IDA rejects offer for former Contento’s scrapyard

Officials say bid to purchase 14-acre site too low as IDA continues to seek buyer for C’ville property

EntranceBob Ellis/staff photographer
A bridge and iron gate leads into the former Contento’s scrapyard on South Main Street near Homer.

By HOLDEN B. SLATTERY
Staff Reporter
hslattery@cortlandstandard.net

Members of the Cortland County Industrial Development Agency agreed Tuesday to reject a purchase offer for the former site of Contento’s scrapyard in Cortlandville.
The IDA decided instead to maintain the property and more aggressively market it for potential buyers, said IDA Executive Director Garry VanGorder, who declined to give the price offered.
IDA President Paul Slowey said the offer was far below the appraisal and assessed value of the property.
The property is assessed at $133,600, according to the Cortland County Real Property Tax Services.
The offer was not from a business or industry, Slowey said.
“Someone tried to throw a number at us and pick it up for a steal,” he said.
Contento’s, a Cortland-based demolition company, used the 14-acre scrapyard off South Main Street near Interstate 81’s Exit 12 for scrap cars.
Contento’s still holds the title to the property, but the IDA has a purchase option that would allow the agency to buy it for $1 if an acceptable offer were made, VanGorder said.
The IDA bought development rights to the property in January 2001 for $500,000, intending to get it cleaned and attractive for a potential industrial or business development.
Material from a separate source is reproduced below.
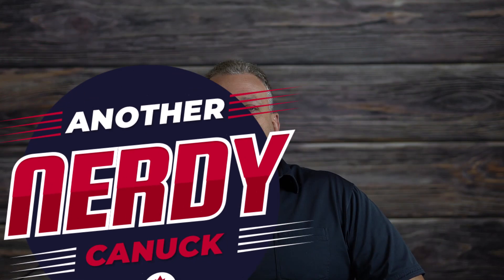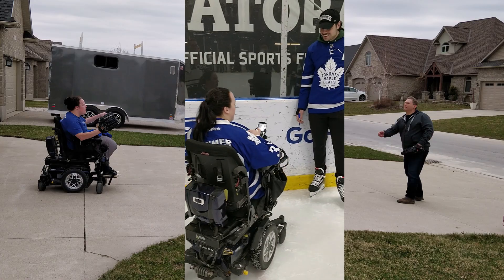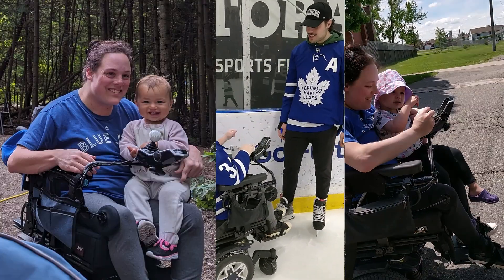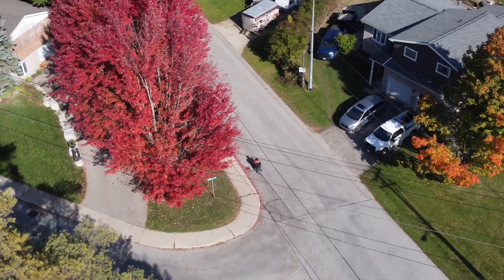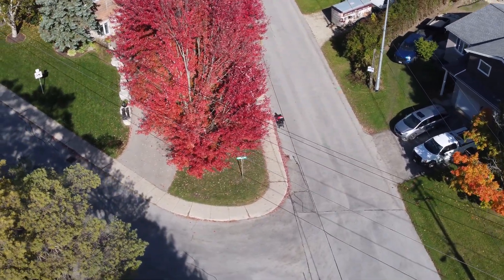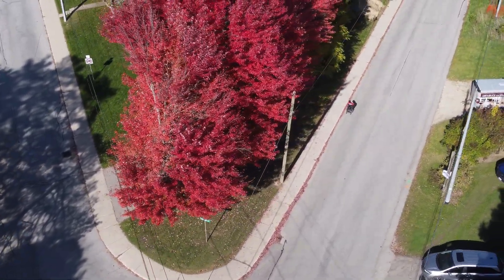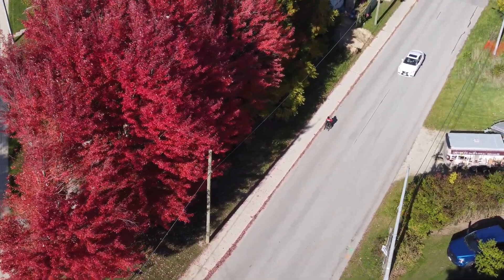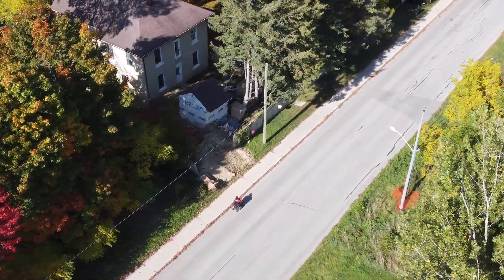My name is Dave and I am another nerdy Canuck. My daughter Jessica has been using a Quantum Edge 2 iLevel wheelchair for the past four years. Although we love the chair and how it improves her life, its most significant drawback is a relatively short range.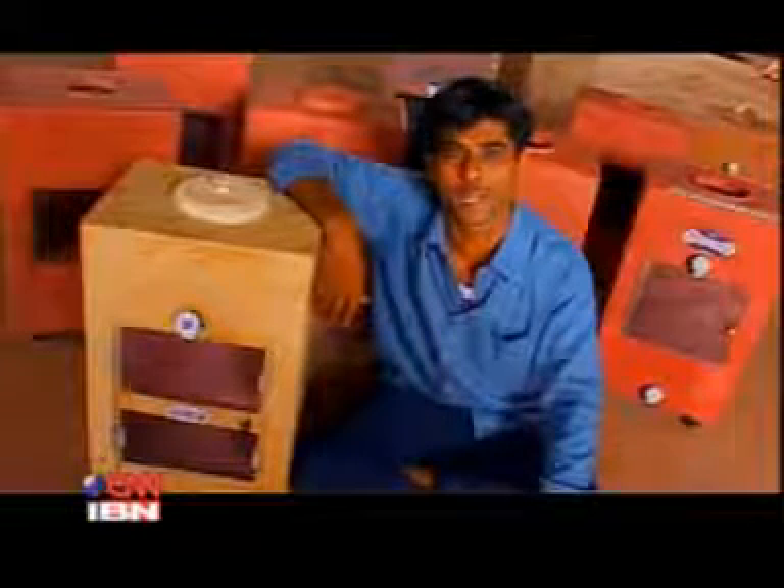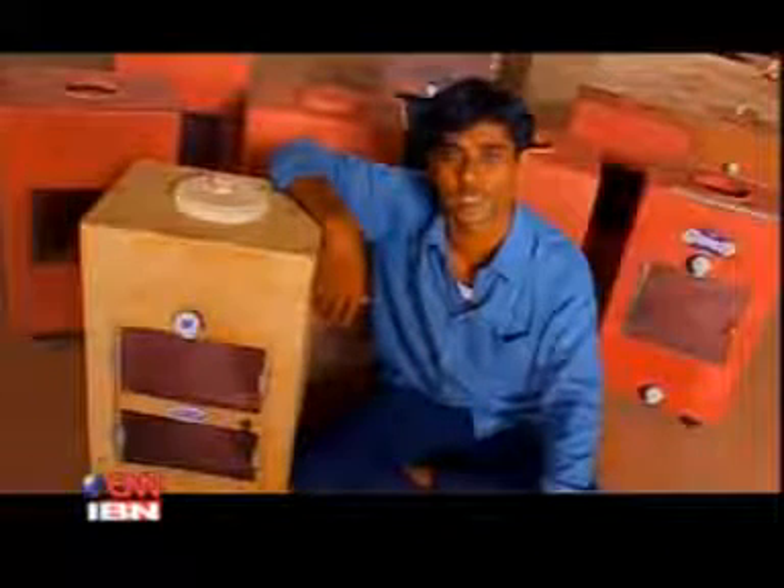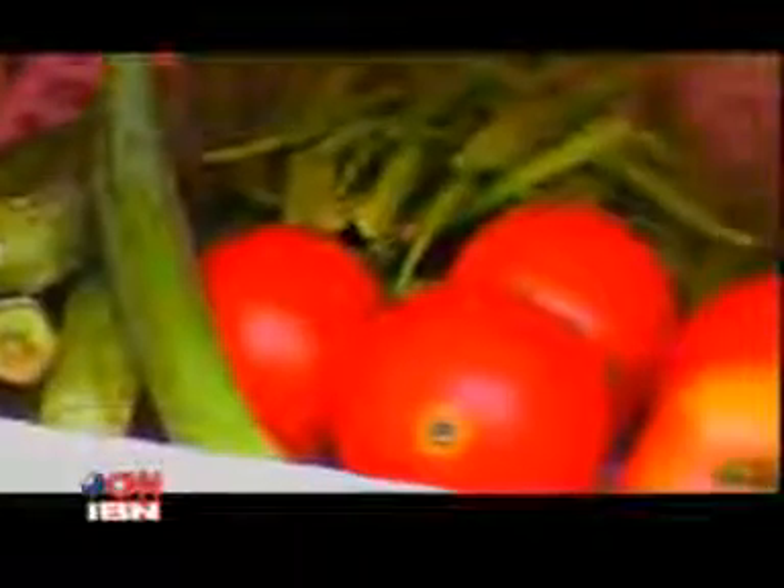Mitti Kool holds 18 liters of water on the top. It claims to keep water, fruits, vegetables, and milk fresh and cold for days — just like your average refrigerator.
State and federal grants funded the purchase.
The IDA decided to allow the state Department of Transportation to do some low-level maintenance to make the property more presentable to potential buyers. The DOT has offered to remove some brush and shrubs along the property’s right of way, VanGorder said.
The IDA is paying $10,000 a year to keep and maintain the site, which includes paying property taxes and paying Microbac Labs to test the property for underground contamination, VanGorder said.
Property taxes on the 14-acre property amount to $2,763 to the town and county this year and $2,763 to Homer Central School District for the 2009-10 school year, according to Real Property Tax Services.
Previous environmental assessments the IDA conducted revealed “elevated numbers of volatile organic compounds,” as well as high levels of lead in the soil, Diane Carlton, a spokeswoman for the state Department of Environmental Conservation said in September 2008. Volatile organic compounds are gases emitted by substances such as fuels, paints, lacquers and pesticides.
Based on the preliminary findings, Carlton has said the land could be developed for commercial use provided there is continued monitoring conducted on site.
Carlton said the property could potentially qualify for one of the brownfield clean up programs: the Environmental Restoration Program.
According to the DEC s Web site, through this program the municipality would be reimbursed by the state for 90 percent of on-site investigation and remediation costs and 100 percent of off-site investigation and remediation costs. Once remediated, the property could then be used for commercial, industrial, residential or public use.
The brownfield status also provides the owner with tax abatements and absolution from liability for any future contamination found on the site.
Slowey said the IDA has been in contact with the DEC, but has not developed a specific cleanup plan. A plan would depend on the type of business purchasing it, whether the buyer offered to help conduct the cleanup, and the type of construction that would need to be done on the site, Slowey said.
Slowey said the IDA hopes to attract a business to the site, but said the IDA has already achieved the primary objective the agency had in obtaining the purchase option.
“The primary objective was to clean up the mound of scrap metal that was located at the gateway to our community,” Slowey said.